[Records excerpted from a collection]
◆ ◆ ◆ ◆ ◆ ◆ ◆

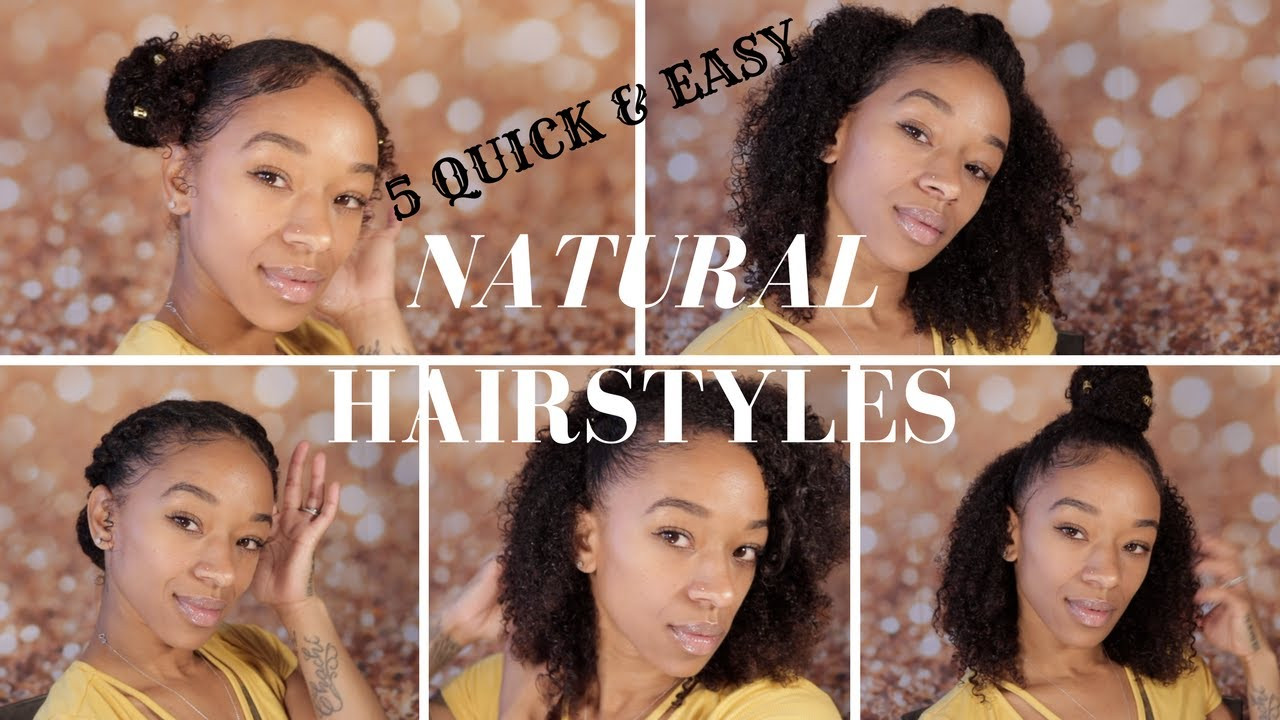 Easy Hairstyles For Black People'S Hair
 5 QUICK & EASY NATURAL HAIRSTYLES FOR BLACK WOMEN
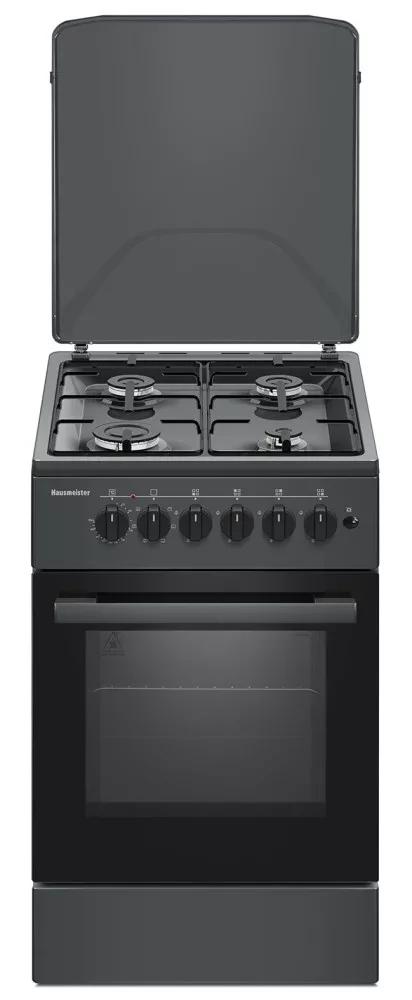 Hausmeister HM 5025 Hőlégkeveréses kombinált tűzhely, A energiosztály, 1800 W, Matt fekete színű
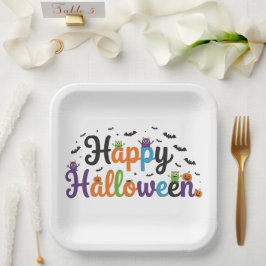ハッピーハローウィンモンスター ペーパープレート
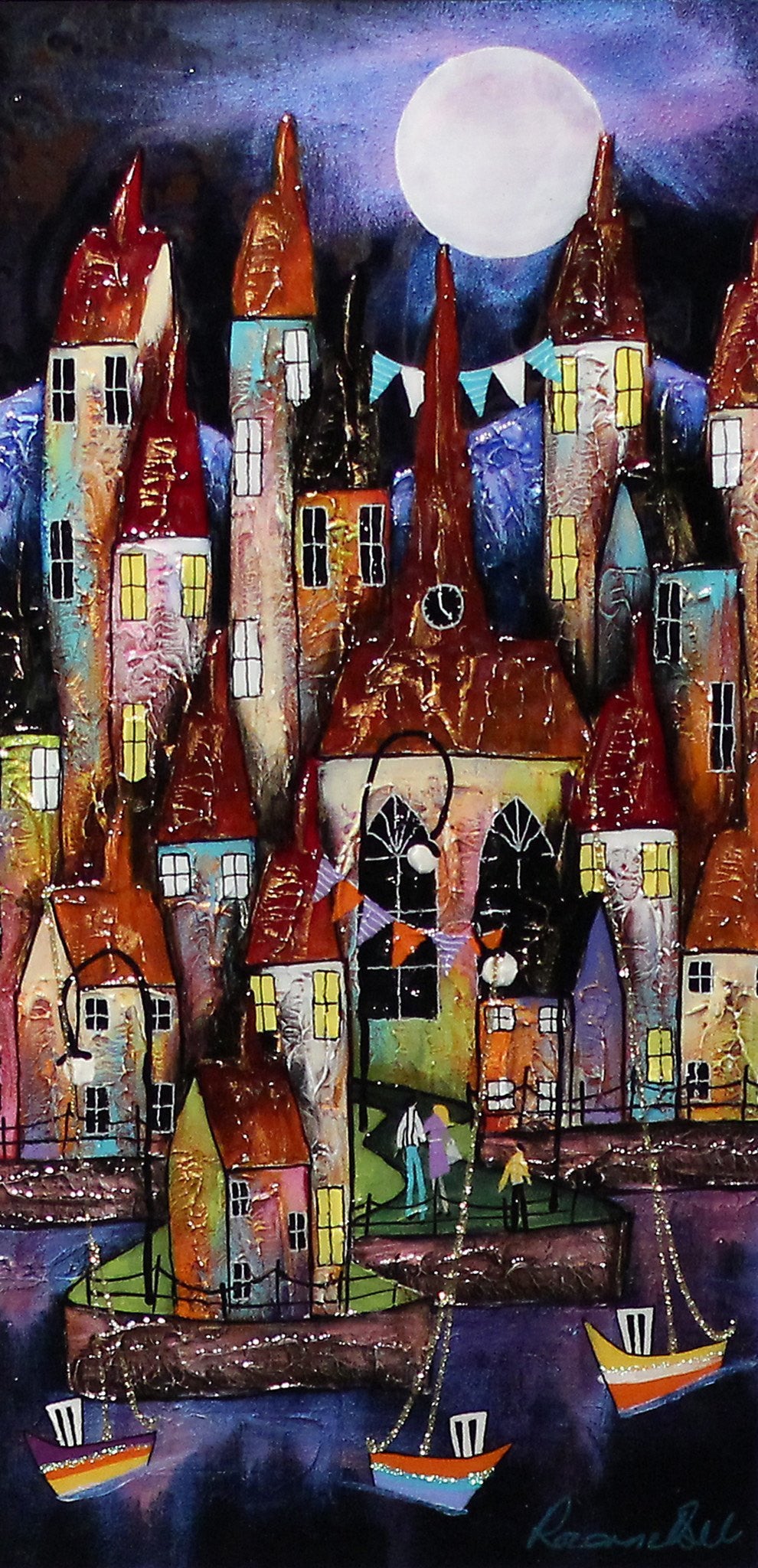 Harbour Lights - SOLD Rozanne Bell
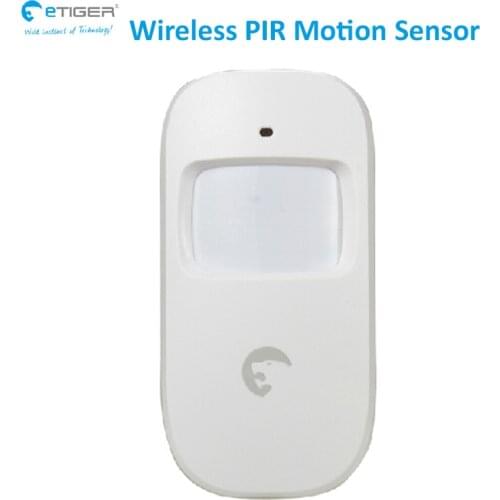 Wireless PIR motion sensor anti-thief human/animal movement detector free install intrusion alarm etiger motion sensor ES-D1A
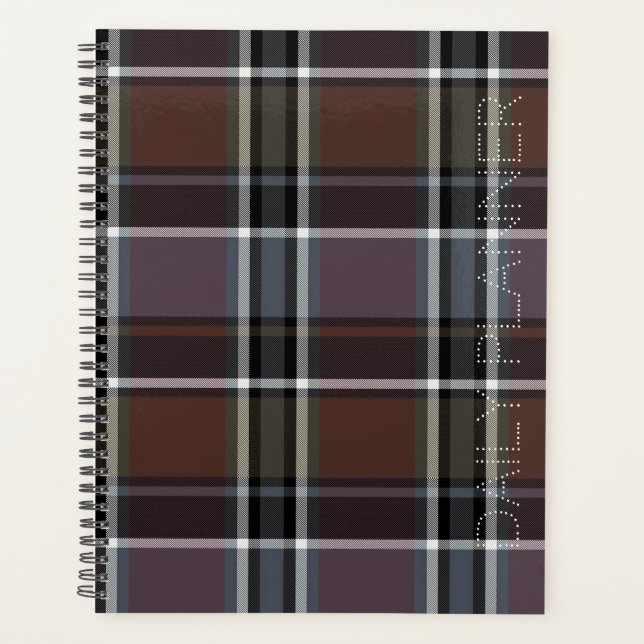 HAMbWG -  Brown Plaid Planner (Front)
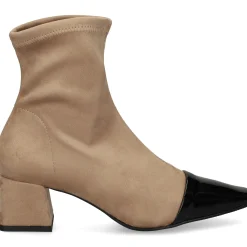 MISS ELASTIC Botines con tacón de Mujer 76152 3F TIERRA/NEGRO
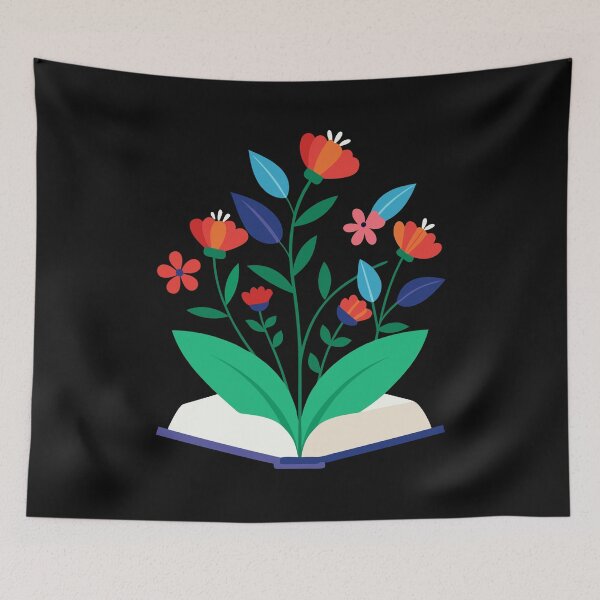 Artikelvorschau, Bücher und Blumen entworfen und verkauft von GraphicsClub.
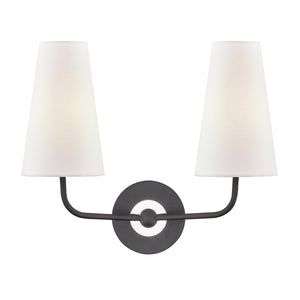 Mitzi - H318102-PN/BK - Two Light Wall Sconce - Merri - Polished Nickel/Black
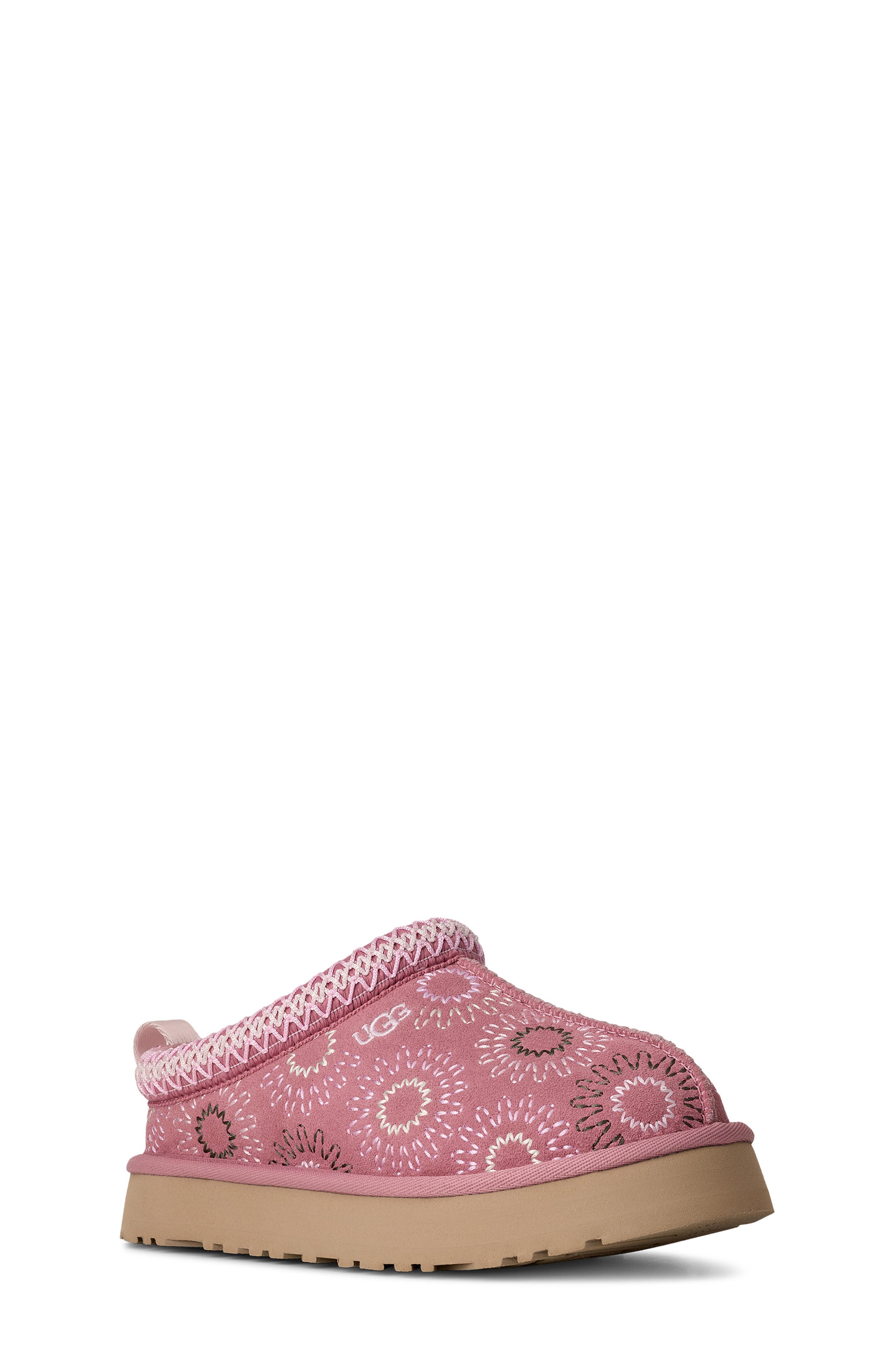 UGG<sup>®</sup> Kids' Tazz Sun Stitch Slipper, Main, color, Horizon Pink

◆ ◆ ◆ ◆ ◆ ◆ ◆

◆ EXERCISE INSTRUCTIONS
Which lines run from the one that holds "Plaid Planner (Front)" to the final line of the records above? Return them exactly, and skip the pictures.

◆ ANSWER SECTION
 HAMbWG -  Brown Plaid Planner (Front)
 MISS ELASTIC Botines con tacón de Mujer 76152 3F TIERRA/NEGRO
 Artikelvorschau, Bücher und Blumen entworfen und verkauft von GraphicsClub.
 Mitzi - H318102-PN/BK - Two Light Wall Sconce - Merri - Polished Nickel/Black
 UGG<sup>®</sup> Kids' Tazz Sun Stitch Slipper, Main, color, Horizon Pink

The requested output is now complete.